A questão é que uma pequena oligarquia, em aliança com a oligarquia ocidental, sai ganhando de todo esse processo e, a rigor, é capaz de se blindar dos seus efeitos nocivos, inclusive construindo novos bodes expiatórios e cortinas de fumaça ao longo dos próximos anos. E basta olhar a história recente do Oriente Médio e da África para saber que países podem piorar muito e com uma rapidez incrível.

O Brasil, contudo, sempre termina sendo comparado com a Europa e os Estados Unidos sempre que processos históricos ocorrem aqui, o que este blogueiro tem dito desde 2013 que não é bem assim: talvez tivéssemos nos saído melhor naquela ocasião se estudássemos a revolução iraniana em vez do maio de 68 francês, seja para conseguir fazer as potencialidades de 2013 se realizarem ou para enfrentar os impasses que, romanticamente, parte da esquerda não queria admitir que já estavam presentes ali.

No mais, é preciso entender que a grande aliança das esquerdas com o sindical-populismo brasileiro se esgotou, posto que está esgotada e decodificada, seja porque a oligarquia brasileira, sob a máscara neutral do "mercado", adotou uma estratégia marxista contra o espelho: fazer lutar de classes, disputar a hegemonia cultural (à la Gramsci) e construir intelectuais orgânicos para direcionar, acima de qualquer suspeito, o Estado a partir de seu interior.

Isso pode ser o resultado justamente da falta de combatividade da esquerda, o temor das elites em verem os pobres ascendendo, o medo de perder seus privilégios depois de 2008, ou mesmo pela enorme quantidade de ex-esquerdistas nas fileiras da direita partidária brasileira.

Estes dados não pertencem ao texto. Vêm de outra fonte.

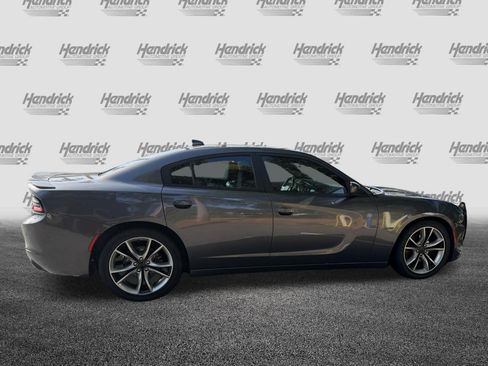 Used 2015 Dodge Charger R/T RWD image 10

Diante da impossibilidade de diálogo, Lula e o PT não sabem como agir. E talvez não saibam ou estejam em rejeição sobre os próprios passos.

Há quem, diante dos erros do PT, responda o bom e velho "não é comigo" diante da condenação de Lula há quem, diante do quadro grave, pense que não é hora para mudar estratégia e pensar em autocrítica. Não, o futuro da luta social, da ansiada melhora dos nossos parcos índices sociais, não passa pela estratégia petista, mas isso não implica em permitir injustiças contra Lula ou o PT, injustiças que podem se reproduzir contra um futuro presidente mais razoável de qualquer partido -- vide que Lula não é o primeiro, e pode nem ser o último líder político popular e eleito pelo voto a ter sua vida desgraçada no Brasil.

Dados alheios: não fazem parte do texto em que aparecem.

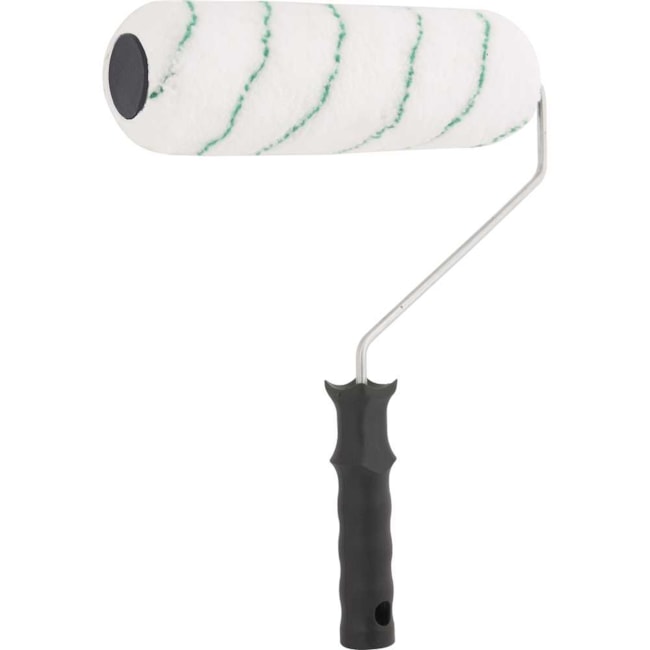 Rolo de Microfibra para Pintura 23cm com Suporte RPV2012 6241201223 VONDER-6d182fe2-4a6f-4281-a728-f12112d01218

Entre o petismo e anti-petismo, inclusive de esquerda, é preciso pensar além, sem deixar de abordar questões sensíveis ao esgotamento do PT -- sem recorrer ao raciocínio do realismo mágico de achar que deixar Lula e o PT à própria sorte é bom ou que essa situação não é fruto de erros estratégicos crassos, e que o PT tem reais dificuldades para implementar um plano b. 

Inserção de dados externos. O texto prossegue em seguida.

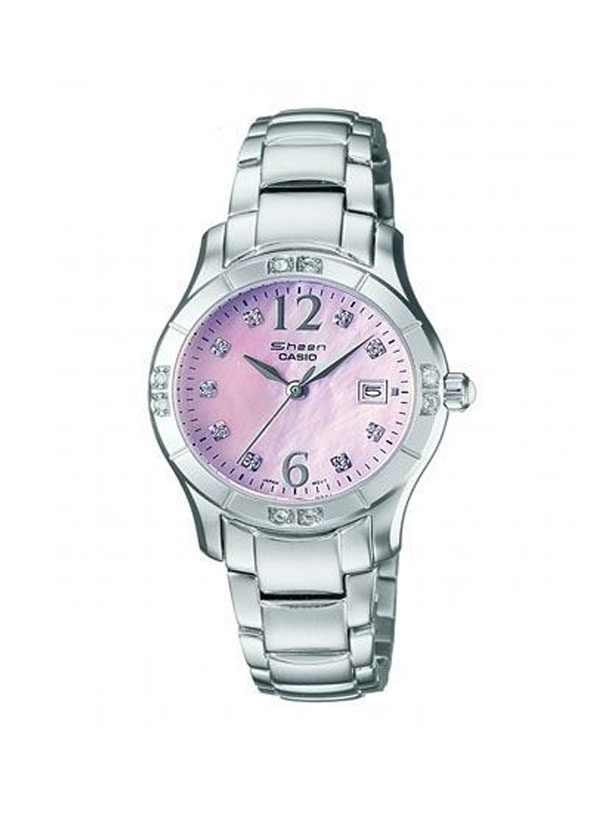 Casio Sheen SHN-4019DP-4ADR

No curto prazo, reverter minimamente o destino da política econômica atual, baseada no divórcio definitivo do "mercado" com a sociedade, e frear e reverter as contrarreformas é uma tarefa essencial. Menos é mais. A estratégia de defesa judicial, colateralmente, sempre dependeu disso, embora talvez o próprio não entendesse isso. O fato é quem optou, e pratica, a luta de classes é a direita e a oligarquia brasileira, ainda capazes de mobilizar as classes médias e usar de mecanismos morais para comandar o país.